En 2022, le nombre de dossiers de fraude clôturés par l’Inami était de 81, et le montant de ces fraudes de 6,9 millions d’euros (3,1 millions d’euros en 2021) pour l’ensemble des soins de santé. Le budget «forfait» des maisons médicales (329.992 millions en 2024) ne représentant qu’une infime partie du budget des soins de santé (42.743 milliards en 2024), l’impact financier des mesures anti-fraudes les visant n’aura dès lors qu’un impact négligeable, alors que la grande majorité des maisons médicales au forfait réalise, au quotidien, un travail de qualité, notamment à l’attention des publics les plus vulnérables. Plusieurs études (Agence intermutualiste, KCE) attestent d’ailleurs de la qualité et de l’accessibilité des soins dans les pratiques pluridisciplinaires au forfait, un modèle vertueux qui permet de faire des économies non négligeables dans les soins de seconde ligne (comme les urgences hospitalières par exemple) parce que les patients y sont pris en charge de façon préventive.
A titre de comparaison, les dépenses brutes de l’assurance soins de santé obligatoire en matière de médicaments s’élevaient, en 2022, à 6,5 milliards d’euros, dont 2,36 milliards d’euros pour les médicaments sous contrat (chiffres provisoires de l’Inami), pour lesquels le manque de transparence rend difficile l’évaluation de l’efficacité au regard de leurs coûts.

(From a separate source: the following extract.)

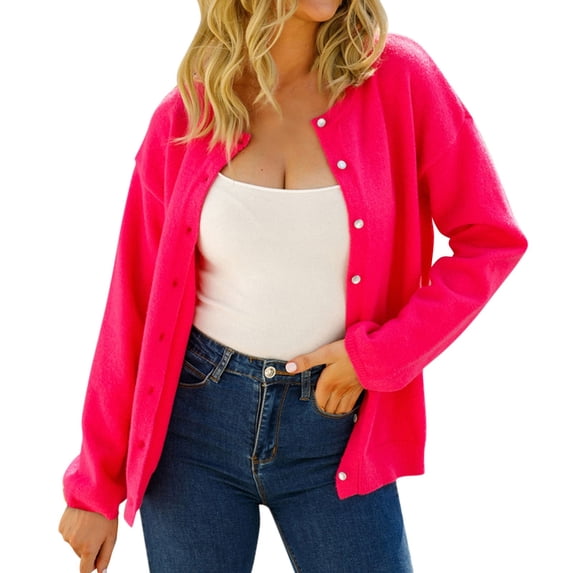 DHFJKG Cardigan Sweaters For Women Knitted Round Neck Long Sleeve Button Down Shirts Blouse Sweater Casual Fall Spring Lightweight Trendy Outerwear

En conclusion, la fraude dans le secteur des maisons médicales reste marginale et son contrôle est soutenu par notre fédération. Toutefois, nous encourageons les acteurs médiatiques et politiques à assurer un traitement équitable de mise en visibilité et de contrôle des fraudes commises dans les différents secteurs du système de soins de santé. Sans quoi, la face invisible de l’iceberg des dépenses de santé publique à des fins commerciales risquerait de s’élargir.